(Paru dans Les Affaires, le 26 avril 2008, p. 29)
Avez-vous déjà eu l’impression, en voyant des gouvernements surenchérir pour attirer des projets industriels, que l’ensemble des contribuables faisaient les frais de certains secteurs industriels choyés?
On le voit ces jours-ci avec la lutte qui s’engage entre le Québec et le Missouri pour obtenir l’usine d’assemblage des avions CSeries, de Bombardier. L’entreprise a toujours privilégié Mirabel pour y assembler la CSeries. Ottawa s’était engagé en 2005 à offrir 350 millions de dollars en aide remboursable et semble s’en tenir à cela. Québec a promis un prêt de 118 millions, mais se dit ouvert à augmenter sa mise.
Mais Bombardier voudrait obtenir plusieurs centaines de millions de plus, et donc commencer à écouter d’autres soupirants. L’État du Missouri débattait la semaine dernière d’un plan qui lui accorderait jusqu’à 40 millions de dollars par année en crédits d’impôt, pendant 22 ans, si elle assemblait la CSeries à Kansas City.
En principe, ce sont les avantages concurrentiels d’une région qui devraient motiver les choix d’emplacement des entreprises : disponibilité d’une main-d’oeuvre qualifiée et bon marché, infrastructures de qualité, impôt modéré, etc. Mais dans certains secteurs industriels, les acteurs ont réussi à entraîner les gouvernements dans une surenchère.
Chaque État dispose d’un arsenal de subventions plus ou moins déguisées sous forme de crédits d’impôt, de programmes permettant de réduire les frais de financement ou le risque commercial, de politiques d’achat local.

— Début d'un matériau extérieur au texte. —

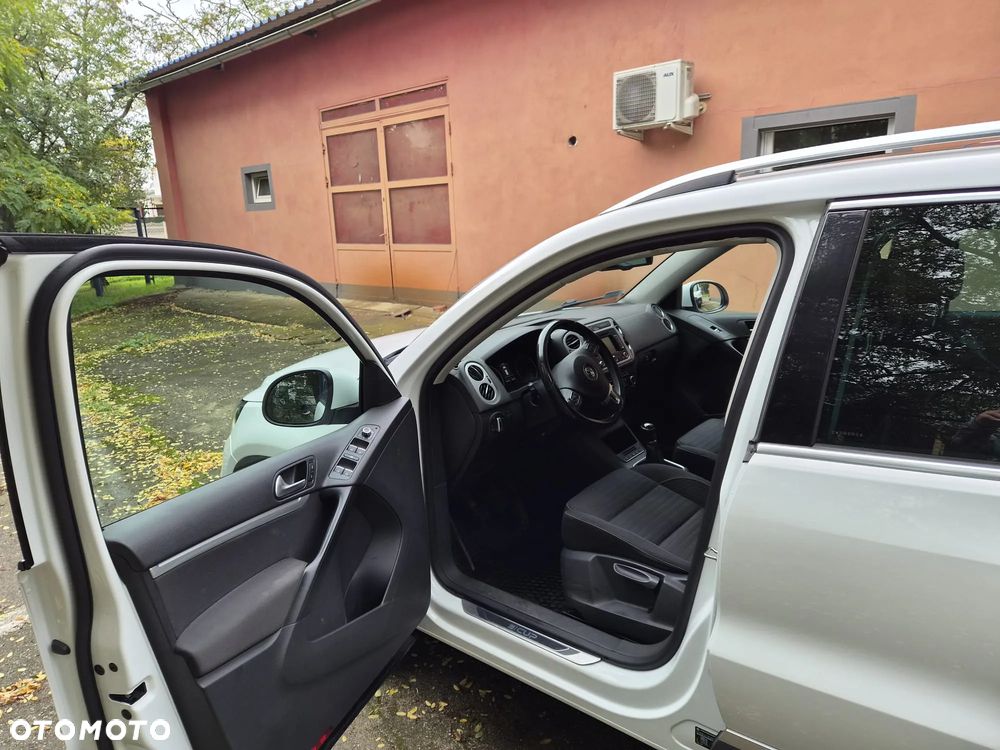 Volkswagen Tiguan - 7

Peu importe sa forme, l’aide publique accordée à certains secteurs privilégiés est nécessairement prélevée dans d’autres secteurs. Ces derniers en subissent les contrecoups sous forme d’un fardeau fiscal plus lourd, qui fait fuir l’investissement et d’autres emplois. Mais pour ces emplois inaperçus personne ne se bat.
Sous des fortes pressions populaires, les États s’engagent dans une surenchère visant à arracher le projet convoité. À la limite, le bénéfice net de l’investissement est nul du point de vue des contribuables.
Difficile pour un gouvernement de renoncer unilatéralement à cette pratique. À moins d’offrir des conditions locales attrayantes au point de compenser l’absence de subventions. Le Québec n’en est pas là. Alors que faire? Sans éliminer toute aide, les États peuvent quand même s’entendre pour limiter la course aux subventions.
C’est ce qu’ont fait la Colombie-Britannique et l’Alberta avec leur entente TILMA. Ces provinces se sont engagées l’une envers l’autre à ne pas fournir de subvention directe ou indirecte ayant pour effet de fausser les décisions d’investissement ou dans le but d’attirer une entreprise de l’autre province.
Voilà un bel exemple à suivre pour le Québec. D’abord avec nos partenaires économiques les plus proches, puis à l’échelle internationale sous forme d’ententes bilatérales ou multilatérales.
L’abaissement des barrières tarifaires et non tarifaires au commerce international ne s’est pas fait en un jour. Dans le cas des subventions aux entreprises, nos dirigeants auraient aussi avantage à engager un dialogue avec leurs homologues d’autres États. Eux aussi peuvent se sentir entrainés, à leur corps défendant, dans une surenchère en matière de subventions.